### Problem
Copy out the lines of the records below, and only those lines, from the one with "Конвекційна керамічна панель" through the one with "Deep Dive Vintage", exactly as they appear.

### Exercise materials
────────────────
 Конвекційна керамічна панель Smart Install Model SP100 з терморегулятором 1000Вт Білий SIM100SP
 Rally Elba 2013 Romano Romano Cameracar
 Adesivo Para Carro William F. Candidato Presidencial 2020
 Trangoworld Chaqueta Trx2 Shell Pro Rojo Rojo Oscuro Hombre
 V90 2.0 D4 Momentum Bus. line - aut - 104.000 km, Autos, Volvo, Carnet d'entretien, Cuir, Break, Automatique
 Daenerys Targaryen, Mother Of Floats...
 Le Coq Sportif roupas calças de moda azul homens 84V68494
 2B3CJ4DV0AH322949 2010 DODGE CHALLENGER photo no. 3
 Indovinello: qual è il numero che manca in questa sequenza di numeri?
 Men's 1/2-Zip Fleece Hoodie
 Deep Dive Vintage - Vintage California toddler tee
────────────────
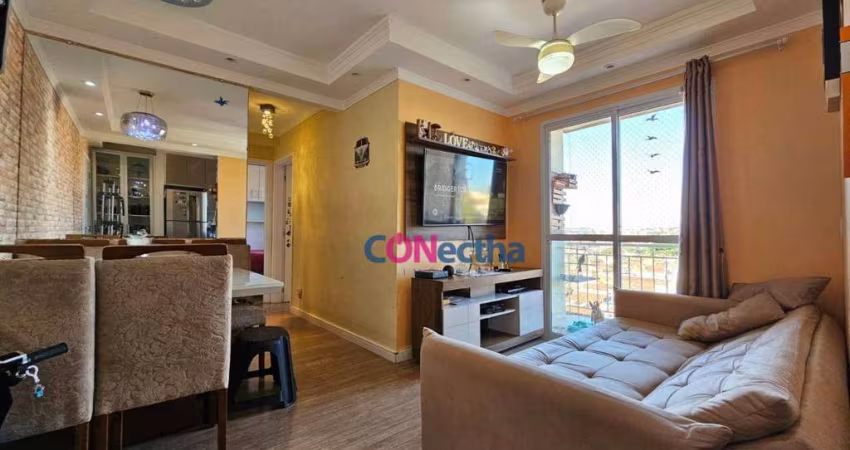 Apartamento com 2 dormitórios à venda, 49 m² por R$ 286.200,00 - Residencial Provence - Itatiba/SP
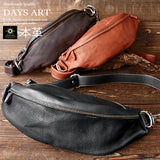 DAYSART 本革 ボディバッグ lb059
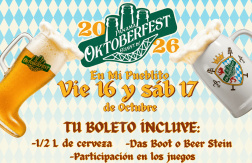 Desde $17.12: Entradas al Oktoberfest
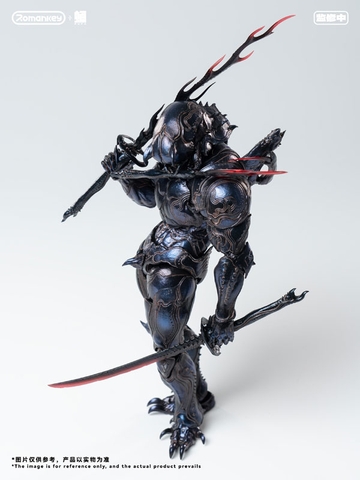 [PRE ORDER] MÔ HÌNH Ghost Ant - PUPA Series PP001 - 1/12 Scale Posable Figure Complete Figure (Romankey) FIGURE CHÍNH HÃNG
────────────────
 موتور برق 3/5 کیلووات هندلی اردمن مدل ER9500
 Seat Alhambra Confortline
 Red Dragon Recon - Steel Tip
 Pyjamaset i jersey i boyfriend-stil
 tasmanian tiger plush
────────────────
### Answer for the task
 Конвекційна керамічна панель Smart Install Model SP100 з терморегулятором 1000Вт Білий SIM100SP
 Rally Elba 2013 Romano Romano Cameracar
 Adesivo Para Carro William F. Candidato Presidencial 2020
 Trangoworld Chaqueta Trx2 Shell Pro Rojo Rojo Oscuro Hombre
 V90 2.0 D4 Momentum Bus. line - aut - 104.000 km, Autos, Volvo, Carnet d'entretien, Cuir, Break, Automatique
 Daenerys Targaryen, Mother Of Floats...
 Le Coq Sportif roupas calças de moda azul homens 84V68494
 2B3CJ4DV0AH322949 2010 DODGE CHALLENGER photo no. 3
 Indovinello: qual è il numero che manca in questa sequenza di numeri?
 Men's 1/2-Zip Fleece Hoodie
 Deep Dive Vintage - Vintage California toddler tee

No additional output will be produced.